Material supplied:
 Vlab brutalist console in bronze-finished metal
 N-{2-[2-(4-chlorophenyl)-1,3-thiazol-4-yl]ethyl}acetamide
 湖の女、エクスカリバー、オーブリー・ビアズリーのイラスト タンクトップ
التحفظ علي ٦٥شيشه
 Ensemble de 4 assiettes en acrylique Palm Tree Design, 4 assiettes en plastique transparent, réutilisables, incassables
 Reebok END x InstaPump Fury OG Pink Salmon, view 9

...

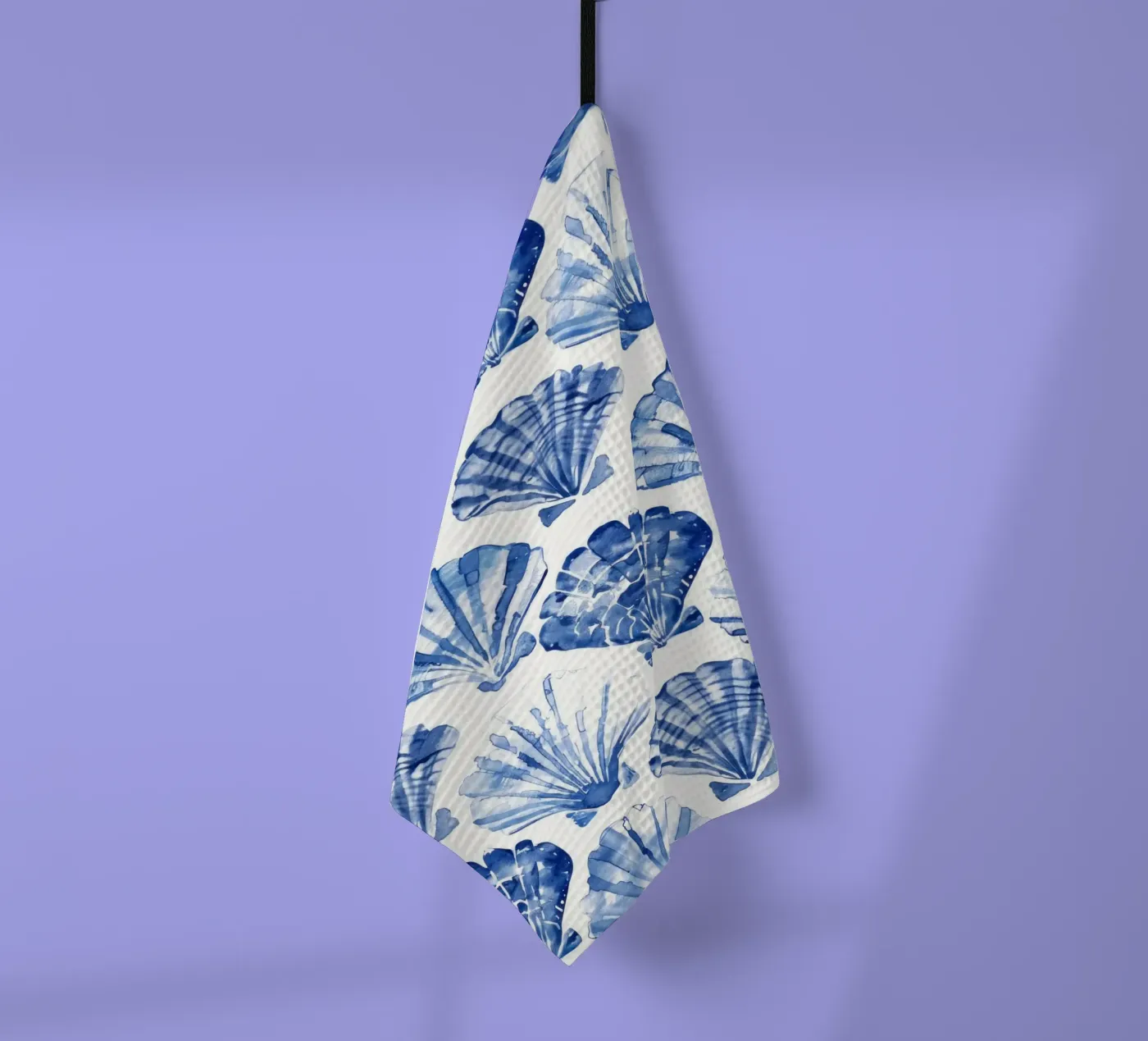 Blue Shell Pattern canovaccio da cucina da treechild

What the task asks: Retype, in the same exact form, the lines of the material above from the line holding "Ensemble de 4" through the line holding "Reebok END x".

Solved exercise:
 Ensemble de 4 assiettes en acrylique Palm Tree Design, 4 assiettes en plastique transparent, réutilisables, incassables
 Reebok END x InstaPump Fury OG Pink Salmon, view 9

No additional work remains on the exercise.